Increased Transparency of Forced Labour and Money Laundering in Seafood Supply Chains

Increased Transparency of Forced Labour and Money Laundering in Seafood Supply Chains

Increased Transparency of Forced Labour and Money Laundering in Seafood Supply Chains

Introduction

For some, greater transparency of supply chains will lead to increased liability and accountability. For most, it will support more effective risk management and the ability to provide customers with a product of higher qualities, a business in line with changing societal and investor values and an enterprise removed from criminality and unlawfulness.

Those directly involved and benefitting from forced labor, trafficking, modern slavery and the underlying necessary criminal and unlawful activities run an increasing risk of being discovered. But worse still is the position of those who did not realise because they failed to conduct due diligence or were not mindful in their choice of business partners and counterparties.

There is now an active commitment by civil society to understand and identify the structure and relationships in supply chains. NGOs caring for victims are now structuring data collection better and, with collaboration, making this available to law enforcement and the banking industry. Other NGOs are using the richer open source intelligence, more proficient search tools and professional practices to develop clear transactional maps showing the supply chain arrangements that begin with abuse of humans forced to provide their labor and end with sale of consumer products.
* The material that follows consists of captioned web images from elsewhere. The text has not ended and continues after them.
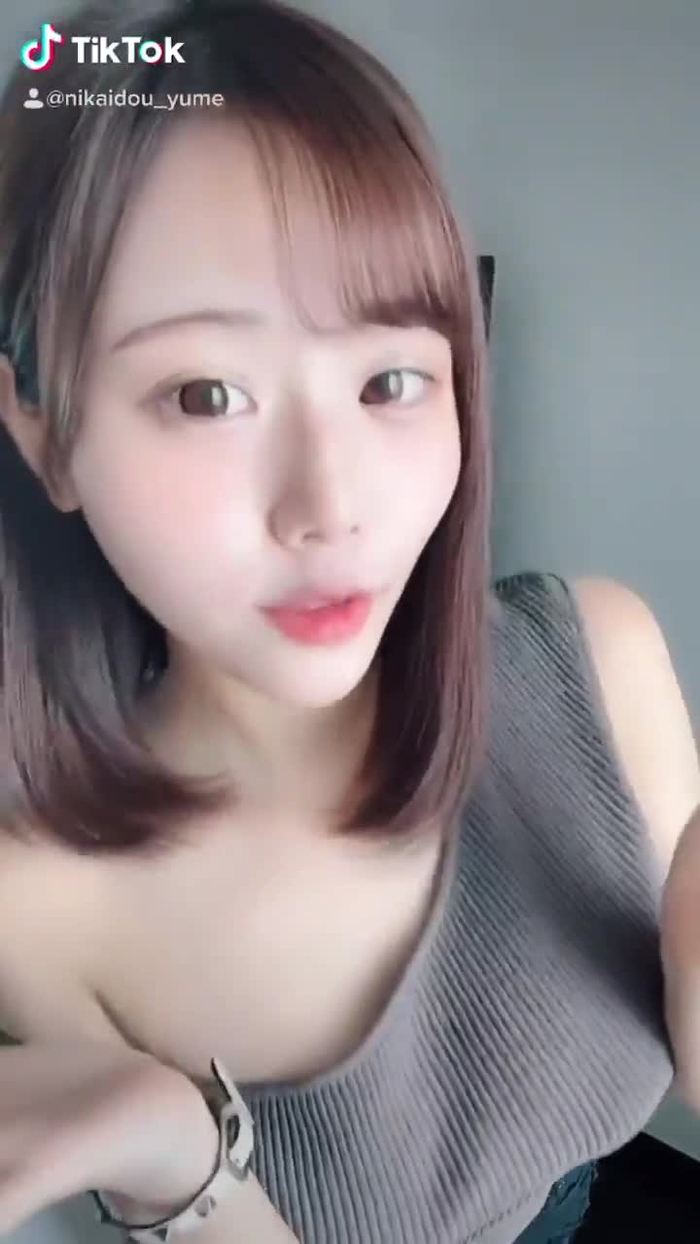 本郷 愛 23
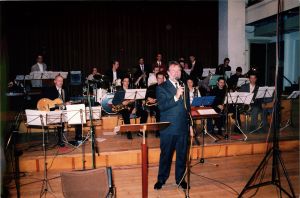 2010_11_14_12_42_35 image Andreas mit der HfM "Hanns Eisler" BigBand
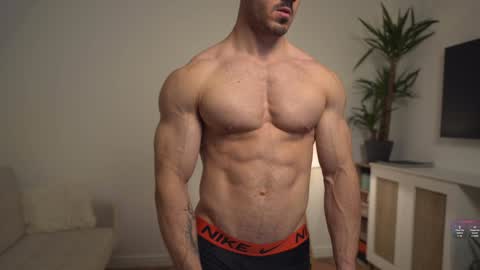 Snapshot of kevinandresxx chatting on 2, 12, 2024 Kevin online show from 2, 12, 2024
This briefing paper sets out recent improvements to the transparency of supply chains and analysis techniques and resources being increasingly applied by civil society to identify where exploitative activities exist in a supply chain and the nature of the actors involved. The case study included focuses on a supply chain in the fishing industry, but the methodology is already being applied supply chains in other industries. The output of the analyses has been traditionally used by the antimoney laundering profession which call the output ‘typology information products’ to determine the underlying reasons for client transactions and the nature of the underlying criminality (predicate offences) that cause or drive the movement of money. However, to other industries, such as the fishing industry, these information products will be transaction maps of supply chains, showing who bought from whom and how the value chain is rooted in trafficking and modern slavery and the crimes that are necessary to force a person to work.